The intense standoff between the museum’s board and the SPHA started around 10 months ago when Terri Lipsey-Scott, chair of the museum said they were blindsided by St. Petersburg College’s (SPC) proposal to take over the museum at a SPHA monthly meeting.
SPC said they were approached by the housing authority to take over the museum and backed down once the controversy ensued.
Since then the embattled board has thwarted ever effort thrown at them to discredit the museum. When Darrell Irions, St. Petersburg Housing Authority’s chief executive officer, said the current museum administration has never met the museum’s original objective of being a fully functional African-American museum, and that it’s no more than a social club, the board countered with a list of events including exhibits, lectures and book signings.
When the board was accused of having irregularities in their finances, they disproved the accusation by showing a letter from their CPA explaining that they have sound financial practices.
When the SPHA voted to sell the building in January, the museum was given six months to vacate the property. Since then the U.S. Department of Housing and Urban Development told the SPHA and city officials that the property must remain a museum no matter who owns it.
“The Dr. Carter G. Woodson African American History Museum is not only an important cultural asset in this city,” said Kriseman, addressing the crowd of council members, community leaders and residents, “but is also an important historical asset to this community. And as such, this city has a keen interest on making sure that it not only survives, but thrives.”
When the mayor announced that the city would take the necessary steps to begin purchasing the building, shouts of “Hallelujah!” and “Thank you!” erupted from the crowd, amidst spirited applause.
Kriseman explained that the city owning a building that house a cultural asset is not unfamiliar territory, as it owns the buildings that house the St. Petersburg Museum of History, the Great Explorations Museum and the Mahaffey Theater. And like all of those, Kriseman said, the Woodson is vitally important to our culture and our quality of life.
It’s important to note that this announcement represents only the first step, the mayor cautioned, explaining that the city will need to conduct an appraisal of the building, identify and finalize the funding source and discuss a lease agreement with the museum board.

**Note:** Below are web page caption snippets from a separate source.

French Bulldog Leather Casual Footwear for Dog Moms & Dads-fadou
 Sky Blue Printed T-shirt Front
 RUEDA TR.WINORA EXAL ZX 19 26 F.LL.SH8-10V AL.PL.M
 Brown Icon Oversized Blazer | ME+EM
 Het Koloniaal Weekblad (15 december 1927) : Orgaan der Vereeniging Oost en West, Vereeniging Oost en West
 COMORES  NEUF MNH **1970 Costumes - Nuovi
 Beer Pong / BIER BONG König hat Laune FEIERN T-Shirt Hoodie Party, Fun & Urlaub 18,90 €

Lipsey-Scott expressed some concern about the looming vacate date.
“We’re hopeful that the St. Petersburg Housing Authority will revisit that vote or at least bring it back to the table to consider extending our lease date. We’re still faced with a July 15 vacate date. That hasn’t changed,” Scott said, adding that this impairs the museum board considerably since it is trying to focus on programming.
Referring to the housing authority’s controversial vote to terminate the lease, Irions explained that the SPHA never aimed to shut down the Woodson, adding that the museum itself can operate out of any building. He expressed enthusiasm now that the city will make plans to purchase the property, though there is no timetable yet.
“I am actually very thrilled!” Irions said. “You know, we don’t have the money to continue to support the maintenance because our monies keep getting cut, every dollar counts. I’m just happy. This came faster than I thought.”
He explained that a big reason the SPHA voted to sell the building was because it needed the money from the proceeds to build Wounded Warrior housing.
“We’ve got to get that done,” he said. “Our veterans, they need it. And there’s a lot of veterans that come back, they don’t have the money, they don’t have the ability to afford regular housing.”
Kriseman warned that there is a lot of work to do and it will not happen overnight.
“This process remains true to our vision,” the mayor said. “The strategy for success in our urban areas is not about closing doors, it’s about keeping them open.”
Since the Board of Commissioners set the July 15 vacate date for the museum, they will have to decide whether to push it back or not.
“From my perceptive,” said Irions, “I want to see where these negotiations go with the city. How serious are they, how committed are they to making this happen. And if they are, then I think that as the CEO I can make a request of the board. As of today they have not authorized me to extend anything. The July 15 date is still in place.”